# Karcher K4 any tips....?



## JamieJC666 (Oct 26, 2008)

I have recently purchased a Karcher K4 mainly for the patio and GTR. The K4 is very powerful and I'm just wondering from those of you that own pressure washers are they safe to use on cars?

Any tips on using this on the car as well would be great before I go blasting.

Cheers


----------



## TomS (Mar 21, 2012)

Not sure what nozzles you get with the K4 but if it's like the pressure washer I have they weren't designed for spraying on a car with paint as soft as cream cheese.

Get a "Karcher Snow Foam Lance". Even if you don't use snow foam with it the nozzle is a bit more car friendly as it creates a lower pressure wider spray.

Have you got the ability to do this - https://youtu.be/lHGA2OtwP-Y?t=1m6s - if you can widen the spray then it will be fine as is


----------



## Kadir (Mar 23, 2008)

JamieJC666 said:


> I have recently purchased a Karcher K4 mainly for the patio and GTR. The K4 is very powerful and I'm just wondering from those of you that own pressure washers are they safe to use on cars?
> 
> Any tips on using this on the car as well would be great before I go blasting.
> 
> Cheers


The K4 should come complete with a Vario Power Spray lance. This has a level of adjustability and can be used fine when cleaning cars. Needless to say, use the lance a safe distance from the coachwork.
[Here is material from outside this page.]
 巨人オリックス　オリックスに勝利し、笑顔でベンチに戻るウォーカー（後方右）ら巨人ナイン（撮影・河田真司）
And a link for your perusal..

Safe Washing And Drying | Car Care Advice | Polished Bliss


----------



## Kadir (Mar 23, 2008)

As TomS rightly notes, Karcher also offer a Snow Foam Lance which should retail at less than £20.00 (your local branch of Halfords should hold stock of these). Or you can buy a proper foam lance for K-Series Karcher fitment for around the £50.00 mark. Polished Bliss can supply these.


----------



## GTR RGT (Aug 29, 2006)

I use an industrial sized kartcher diesel engine steam cleaner with a modified nozzle on my care with a wrap. I keep about 30cm distance and I be extra careful around the edges. Not problems as yet BUT I do keep the temps below 30 and chem off completely.


----------



## evogeof (Aug 3, 2014)

i have this jet wash biggest pile of crap I've ever bought, leaks,falls apart,cheap,hose don't reel in nice,wheels done wheel freely,hose keeps twisting. ill get a nilfisk next time


----------



## Kadir (Mar 23, 2008)

I have a K3.575 which has stood in for my Kranzle 160TST. Karcher has been fine in the near 3 years I have had. I had to replace the high pressure hose but that is about it.


----------



## jrattan (Oct 23, 2014)

Don't go blasting is my advice lol
Don't directly spray at the car, angle it using a wide generous adjustment so the water comes out V shape so it doesn't give direct pressure to the paint. 
All the detailing forums say but an after market foam lance attachment as the karcher one doesn't foam well and isn't very big.


----------



## JamieJC666 (Oct 26, 2008)

Thanks all for the tips, its does indeed come with a vari lance where you can adjust the pressure so ill be using that. With the K4 it also has a nossle that can be put into a bottle of foam or whatever for washing the car, ill try that and if its no good look at the actual foam attatchment nossle.


----------



## Donga (Mar 3, 2013)

I have a Nilfisk P150.2. It is very powerful so stand back a little when doing around the skirts, splitter etc. I use a Snow Foam Lance too which is also very good. Jet wash is very well built, quite heavy, but no problems at all after a year. The hose reels in very nicely too and can be fairly compact when all put away.


----------



## bac12476 (Jul 8, 2013)

great


----------



## CT17 (Mar 25, 2011)

evogeof said:


> i have this jet wash biggest pile of crap I've ever bought, leaks,falls apart,cheap,hose don't reel in nice,wheels done wheel freely,hose keeps twisting. ill get a nilfisk next time


After going through several Karchers I went to Nilfisk.
Wouldn't buy a yellow one again.


----------



## tarmac terror (Jul 16, 2003)

JamieJC666 said:


> I have recently purchased a Karcher K4 mainly for the patio and GTR. The K4 is very powerful and I'm just wondering from those of you that own pressure washers are they safe to use on cars?
> 
> Any tips on using this on the car as well would be great before I go blasting.
> 
> Cheers


Aim, squeeze, clean....

:chuckle:


TT


----------



## JamieJC666 (Oct 26, 2008)

Thanking you all,still not used it lol


----------



## Robbie J (Jan 8, 2005)

my nilfisk blew up after 18months, I can't find the receipt and the support lines are rubbish

onto a cheap bosch one now, it came with a car and normal lance and cost £70


----------